Luputa is a city of 214,000 people. It is a poor agricultural area. The primary food for people here is cassava. Where we live, cassava is a staple food. The members worked so hard on small plots of land, but the meager harvest stood in no relation to all their work and energy expended. The reality of life here in Kasai is that it is very complicated, but I have to do my best to provide for my family.

There are times when members will leave their homes and walk more than 50 kilometers to find more fertile grounds that will yield a good harvest. After we take the cassava out of the ground and carry it back to Luputa, we have to peel them, clean them, and then put them in water.

Then the cassava is ground into small pieces, then put in a sack and pressed for 48 hours. The final step is drying and grinding it into flour.

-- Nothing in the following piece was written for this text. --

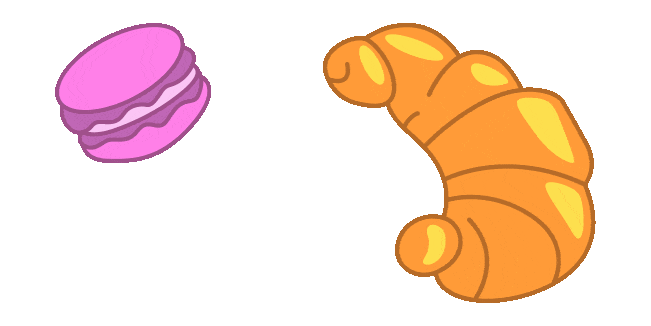 macaron croissant animated custom cursor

The LDS Church has brought us a project and introduced a new variety of cassava that is more productive and has a shorter growing season. The new variety is superior in every way. The new variety can be harvested in 10 to 12 months, whereas the old variety took 18 to 24 months to grow before it could be harvested. The Church has provided a 30 hectare farm and members are working the fields using the new production methods.

We harvest, process the flour, and make it affordable for everyone. We all receive assignments to work in the fields and receive cassava if we are in need.

We harvest, process the flour, and make it affordable for everyone. We already have people who come and buy small 10-kilo sacks of flour.

Through this project and the training from the Church, members have been trained and received a quantity of cassava root stock.

As a mother, I am very proud of this cassava flour. We have enough to eat now and our children are happy.

Our children used to get sick from the cassava. Children even died.

The importance really of this project is that it gave us a solution to a serious problem.

If God is willing, we will prevail.

I feel great joy and love for being the recipient of this help that allows us to overcome this problem. It is a great joy.

I tell you it is difficult to express. We can't see God with our eyes, but we can see God through the acts of this church in our land.

Cassava Fields

Description
For members living in the Democratic Republic of Congo, the Church has provided training on growing cassava and processing flour.